Terbentuknya beberapa dewan di atas menyebabkan terjadinya
pemberontakan PRRI-Permesta karena usaha musyawarah yang
dilakukan pemerintah pusat dan daerah untuk menyelesaikan masalah ini
tidak berhasil.
11. Persaingan Golongan Agama dan Nasionalis
Dari tahun 1950-1959 terdapat 7 buah kabinet yang memerintah, yaitu
:
a. Kabinet Natsir (6 September 1950-20 Maret 1951)
Kabinet ini dipimpin oleh Perdana Menteri Mohammad Natsir dari
Masyumi.
b. Kabinet Sukiman (26 April 1951-Februari 1952)
Kabinet ini dipimpin oleh Dr. Sukiman Wirjosandjojo (Masyumi) dan
Suwirjo (PNI).
c. Kabinet Wilopo (April 1952-2 Juni 1953)

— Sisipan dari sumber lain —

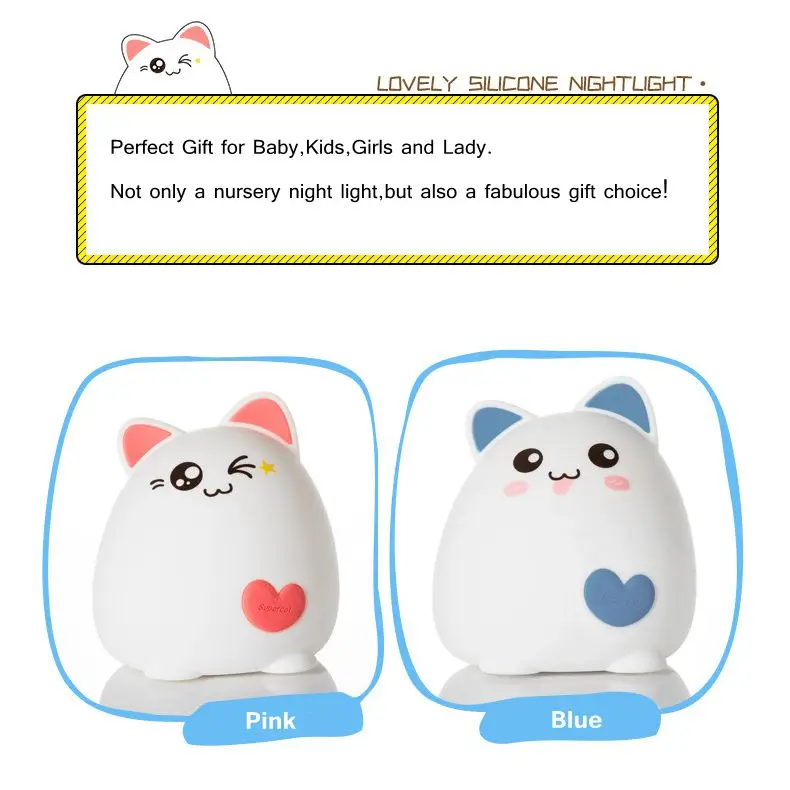 Luce notturna a LED ricaricabile USB per bambini sensore tattile per gatti carini cambia colore lampada da vivaio con respirazione in Silicone morbido regalo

Kabinet ini dipimpin oleh Mr. Wilopo dari PNI.
d. Kabinet Ali Sastroamidjoyo I (31 Juli 1953-24 Juli 1955)
Kabinet ini dipimpin oleh Mr. Ali Sastroamidjoyo dari PNI sebagai
Perdana Menteri. Kabinet Ali I ini berhasil menyelenggarakan
Konferensi Asia-Afrika di Bandung 18-24 April 1955.
e. Kabinet Burhanudin Harahap (12 Agustus 1955-3 Maret 1956)
f. Kabinet Ali Sastroamidjoyo II (20 Maret 1956-4 Maret 1957)
g. Kabinet Juanda (9 April 1957-5 Juli 1959)
12. Pergolakan Sosial Politik
a. Pemberontakan Angkatan Perang Ratu Adil (APRA)
b. Pemberontakan Andi Azis
c. Pemberontakan Republik Maluku Selatan (RMS)
d. Pemberontakan Pemerintah Revolusioner Republik Indonesia
(PRRI) dan Pemberontakan Piagam Perjuangan Rakyat
Semesta (Permesta)
Berbagai pergolakan di daerah tersebut diatas sebagai
dampak dari hubungan pemerintah pusat dan daerah yang kurang
harmonis. Dengan demikian kehidupan politik nasional dan daerah
sampai awal tahun 1960-an tidak stabil.